Disruptive Innovation in Predominately White Academic Theatre

In truth, I have always grappled with seeing myself as a traditional academic. Many theatre faculty artists with MFAs struggle with this feeling. The artistic compromise one often feels when researching and producing scholarship is not where I, as a tenure-track professor, felt most conflicted. I wish that were the basic fundamental struggle. From well-intentioned colleagues casting African-American students in stereotyped roles and in roles that were unequivocally Eurocentric to strategizing mainstage season lineups that did not include African-American playwrights (i.e., stories about black people for other black people), the largest obstacle was the level of resistance to provide a safe space for black student artists to grow into their own authenticity through theatre.  

Since being on tenure-track, cultivating resilience as a minority and being an unofficial diversity officer has been the nature of the job. White people’s need of me to help them understand my culture, my aesthetic, i.e., myself, was flattering for a while, I admit. It even got me believing that maybe I was “at home.” Was I “at home” because white people needed me for their own survival and vibrancy? Was being a minority and a diversity champion my assigned territory?
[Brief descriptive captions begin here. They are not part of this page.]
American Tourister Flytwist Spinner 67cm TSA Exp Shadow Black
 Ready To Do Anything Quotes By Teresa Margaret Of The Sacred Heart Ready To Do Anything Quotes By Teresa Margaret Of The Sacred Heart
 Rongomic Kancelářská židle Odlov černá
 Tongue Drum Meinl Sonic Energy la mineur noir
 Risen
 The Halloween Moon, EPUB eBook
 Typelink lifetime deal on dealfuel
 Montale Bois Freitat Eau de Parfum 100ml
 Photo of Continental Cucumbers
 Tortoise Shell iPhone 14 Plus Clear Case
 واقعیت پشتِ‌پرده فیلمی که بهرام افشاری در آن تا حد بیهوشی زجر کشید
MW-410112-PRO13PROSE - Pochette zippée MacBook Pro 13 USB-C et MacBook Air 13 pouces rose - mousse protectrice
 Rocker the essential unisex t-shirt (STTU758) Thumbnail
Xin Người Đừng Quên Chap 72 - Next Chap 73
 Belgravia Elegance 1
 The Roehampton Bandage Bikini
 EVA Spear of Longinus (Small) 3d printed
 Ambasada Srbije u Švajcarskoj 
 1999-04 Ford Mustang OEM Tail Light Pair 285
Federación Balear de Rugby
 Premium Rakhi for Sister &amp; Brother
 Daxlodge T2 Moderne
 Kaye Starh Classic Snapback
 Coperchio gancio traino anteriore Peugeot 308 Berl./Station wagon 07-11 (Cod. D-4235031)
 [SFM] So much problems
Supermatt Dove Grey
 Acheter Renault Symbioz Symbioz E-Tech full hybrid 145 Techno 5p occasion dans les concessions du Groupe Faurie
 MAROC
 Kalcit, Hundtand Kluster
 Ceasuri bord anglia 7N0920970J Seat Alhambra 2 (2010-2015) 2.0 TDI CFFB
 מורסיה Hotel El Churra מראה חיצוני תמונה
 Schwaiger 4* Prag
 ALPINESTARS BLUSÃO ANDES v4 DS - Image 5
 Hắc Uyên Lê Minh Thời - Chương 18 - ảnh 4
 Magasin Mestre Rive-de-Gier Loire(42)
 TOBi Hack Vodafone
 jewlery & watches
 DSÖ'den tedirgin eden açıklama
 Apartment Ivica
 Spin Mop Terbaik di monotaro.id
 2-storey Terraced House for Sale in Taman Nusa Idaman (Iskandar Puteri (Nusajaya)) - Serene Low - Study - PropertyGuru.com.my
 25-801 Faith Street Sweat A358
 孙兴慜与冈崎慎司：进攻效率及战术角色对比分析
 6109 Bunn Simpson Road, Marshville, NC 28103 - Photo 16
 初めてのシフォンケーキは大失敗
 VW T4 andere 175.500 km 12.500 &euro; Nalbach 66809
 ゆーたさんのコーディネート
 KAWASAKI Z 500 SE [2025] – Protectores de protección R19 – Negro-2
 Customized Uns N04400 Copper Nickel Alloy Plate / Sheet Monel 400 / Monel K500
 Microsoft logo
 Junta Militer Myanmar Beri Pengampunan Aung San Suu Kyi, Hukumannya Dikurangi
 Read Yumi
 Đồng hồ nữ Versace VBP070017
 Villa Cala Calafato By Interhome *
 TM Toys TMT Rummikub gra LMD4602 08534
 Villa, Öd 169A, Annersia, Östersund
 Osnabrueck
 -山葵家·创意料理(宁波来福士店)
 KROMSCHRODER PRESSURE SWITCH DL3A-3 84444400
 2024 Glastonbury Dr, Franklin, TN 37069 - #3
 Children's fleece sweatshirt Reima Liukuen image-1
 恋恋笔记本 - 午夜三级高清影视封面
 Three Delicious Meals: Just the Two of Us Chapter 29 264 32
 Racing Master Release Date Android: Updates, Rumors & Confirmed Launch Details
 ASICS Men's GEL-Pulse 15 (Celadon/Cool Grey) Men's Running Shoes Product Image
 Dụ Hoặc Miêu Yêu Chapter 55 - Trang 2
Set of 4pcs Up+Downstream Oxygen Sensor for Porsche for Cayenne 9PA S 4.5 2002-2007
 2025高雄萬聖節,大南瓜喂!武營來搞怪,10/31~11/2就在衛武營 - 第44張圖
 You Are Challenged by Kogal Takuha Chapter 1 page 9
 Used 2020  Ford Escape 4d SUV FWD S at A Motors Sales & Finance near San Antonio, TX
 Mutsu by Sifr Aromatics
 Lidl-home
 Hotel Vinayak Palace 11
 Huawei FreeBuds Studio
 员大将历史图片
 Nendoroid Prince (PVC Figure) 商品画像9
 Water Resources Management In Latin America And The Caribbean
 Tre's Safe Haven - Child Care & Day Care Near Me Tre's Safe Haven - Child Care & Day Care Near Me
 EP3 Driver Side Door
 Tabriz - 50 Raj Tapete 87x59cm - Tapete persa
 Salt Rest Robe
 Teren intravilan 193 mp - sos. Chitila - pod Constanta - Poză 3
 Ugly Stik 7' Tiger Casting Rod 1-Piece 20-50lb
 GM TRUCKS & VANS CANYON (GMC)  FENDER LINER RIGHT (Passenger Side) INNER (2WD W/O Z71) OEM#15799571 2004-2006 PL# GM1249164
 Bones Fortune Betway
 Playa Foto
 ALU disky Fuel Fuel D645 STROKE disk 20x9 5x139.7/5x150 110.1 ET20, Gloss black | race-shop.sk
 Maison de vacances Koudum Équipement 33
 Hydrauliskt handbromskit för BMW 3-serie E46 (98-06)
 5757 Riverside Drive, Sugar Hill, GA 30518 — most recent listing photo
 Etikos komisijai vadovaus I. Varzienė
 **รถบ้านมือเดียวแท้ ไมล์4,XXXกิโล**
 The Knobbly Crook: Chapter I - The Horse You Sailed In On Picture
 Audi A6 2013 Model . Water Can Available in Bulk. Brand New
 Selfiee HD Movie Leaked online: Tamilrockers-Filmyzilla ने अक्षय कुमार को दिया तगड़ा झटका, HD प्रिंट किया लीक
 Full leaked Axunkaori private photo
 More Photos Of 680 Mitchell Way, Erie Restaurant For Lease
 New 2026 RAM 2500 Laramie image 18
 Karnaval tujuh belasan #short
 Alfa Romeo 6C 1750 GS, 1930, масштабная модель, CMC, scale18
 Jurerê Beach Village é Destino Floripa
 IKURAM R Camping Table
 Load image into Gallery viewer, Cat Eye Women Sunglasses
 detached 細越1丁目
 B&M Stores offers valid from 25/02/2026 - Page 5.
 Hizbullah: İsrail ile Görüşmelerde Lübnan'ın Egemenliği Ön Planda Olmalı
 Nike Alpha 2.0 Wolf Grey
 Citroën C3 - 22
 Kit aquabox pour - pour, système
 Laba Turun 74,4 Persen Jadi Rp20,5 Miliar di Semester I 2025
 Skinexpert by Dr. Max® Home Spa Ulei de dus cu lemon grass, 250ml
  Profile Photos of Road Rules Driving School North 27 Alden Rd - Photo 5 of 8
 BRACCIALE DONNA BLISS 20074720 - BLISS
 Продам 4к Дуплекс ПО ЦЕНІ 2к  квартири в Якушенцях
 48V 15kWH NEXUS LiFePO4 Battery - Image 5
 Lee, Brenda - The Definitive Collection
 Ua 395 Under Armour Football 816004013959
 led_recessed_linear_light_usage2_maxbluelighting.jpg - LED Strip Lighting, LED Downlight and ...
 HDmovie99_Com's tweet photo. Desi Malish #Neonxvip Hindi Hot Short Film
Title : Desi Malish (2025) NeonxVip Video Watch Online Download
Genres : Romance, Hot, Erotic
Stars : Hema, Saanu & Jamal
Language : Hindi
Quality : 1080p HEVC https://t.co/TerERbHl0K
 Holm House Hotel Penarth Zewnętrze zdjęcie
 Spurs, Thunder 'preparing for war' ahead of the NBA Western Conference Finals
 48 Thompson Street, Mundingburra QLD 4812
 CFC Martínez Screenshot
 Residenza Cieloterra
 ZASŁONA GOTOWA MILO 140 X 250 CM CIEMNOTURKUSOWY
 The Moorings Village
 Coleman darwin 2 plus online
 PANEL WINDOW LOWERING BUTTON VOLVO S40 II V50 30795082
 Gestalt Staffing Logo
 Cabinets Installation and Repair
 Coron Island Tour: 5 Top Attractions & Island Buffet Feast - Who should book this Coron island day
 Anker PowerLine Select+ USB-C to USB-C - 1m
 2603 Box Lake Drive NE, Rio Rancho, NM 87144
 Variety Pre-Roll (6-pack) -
When I ask myself how did I get here? How did I find my way into a profession where I am constantly finding ways to survive? How did I, an HBCU graduate, end up in a workspace where there is such resistance to having serious conversations about diversity and inclusion? Where there is exclusion of one’s experience and survival is nearly impossible because you—because I—essentially don’t count, I ask myself again, is this how being “at home” is supposed to feel?